TASK TO COMPLETE:
Beneath this line is the data. Output exactly the lines from the line with "Zdjęcie w galerii" to the line with "Oceanis 38.1 in", both ends included, and nothing more.

RECORDS PROVIDED:

[Start of section]

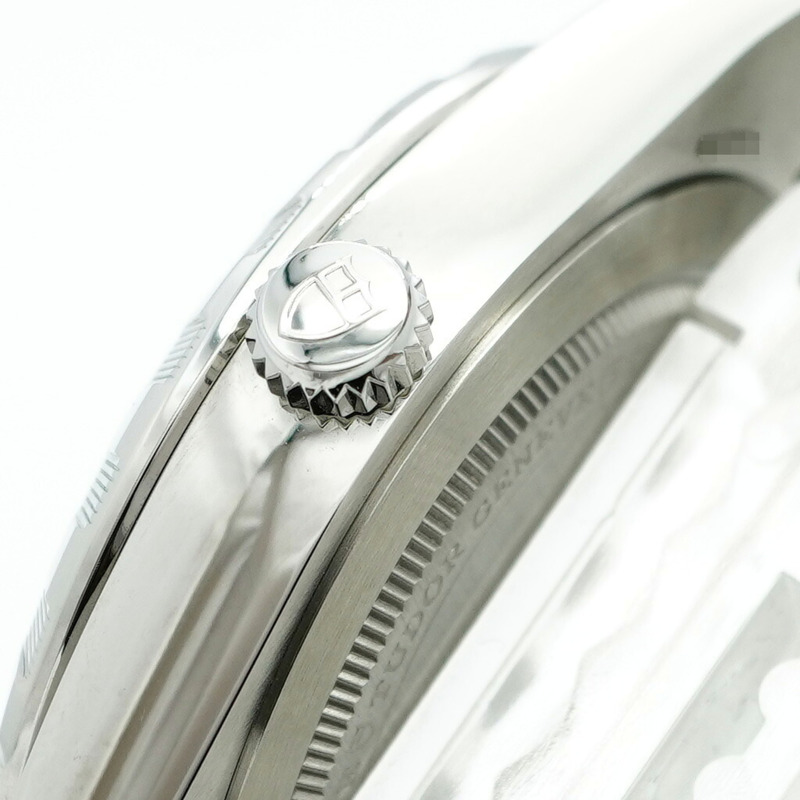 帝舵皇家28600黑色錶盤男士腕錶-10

[End of section]
[Start of section]

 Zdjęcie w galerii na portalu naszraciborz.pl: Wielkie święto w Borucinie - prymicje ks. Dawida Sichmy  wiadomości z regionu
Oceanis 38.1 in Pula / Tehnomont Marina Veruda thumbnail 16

[End of section]
[Start of section]

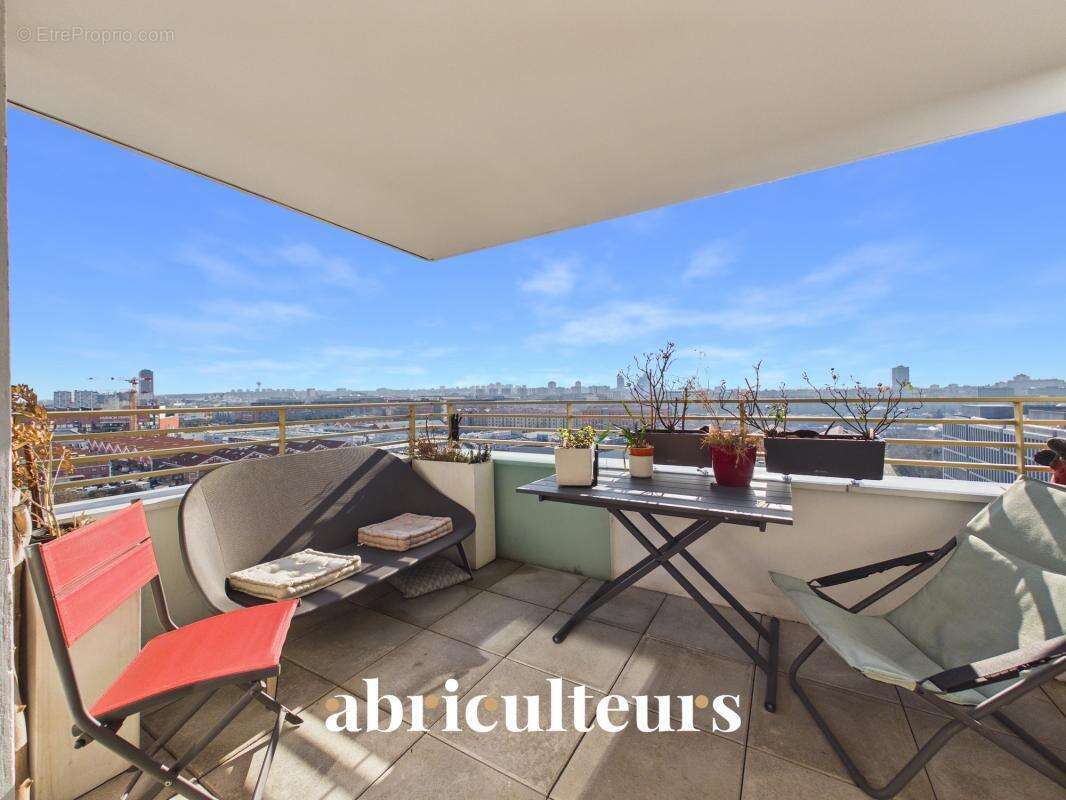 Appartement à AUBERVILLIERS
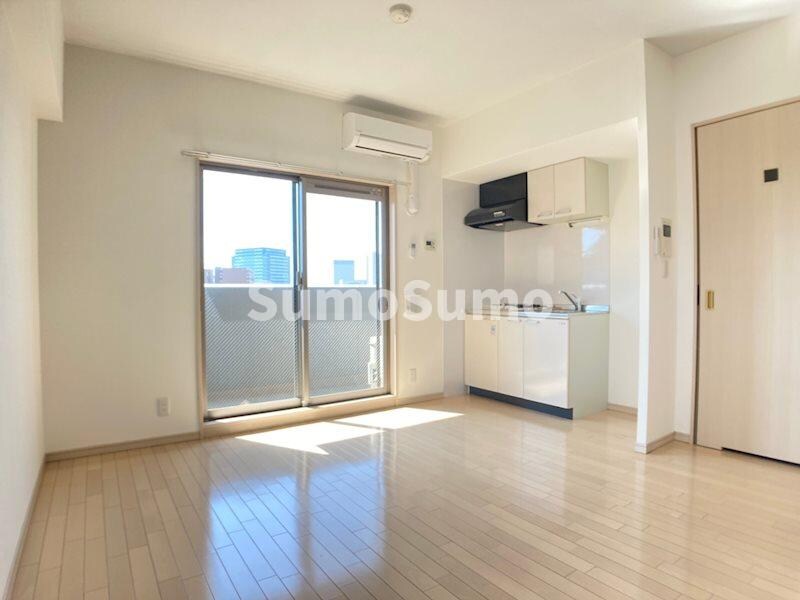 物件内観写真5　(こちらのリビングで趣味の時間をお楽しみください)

[End of section]

EXPECTED OUTPUT:
 Zdjęcie w galerii na portalu naszraciborz.pl: Wielkie święto w Borucinie - prymicje ks. Dawida Sichmy  wiadomości z regionu
Oceanis 38.1 in Pula / Tehnomont Marina Veruda thumbnail 16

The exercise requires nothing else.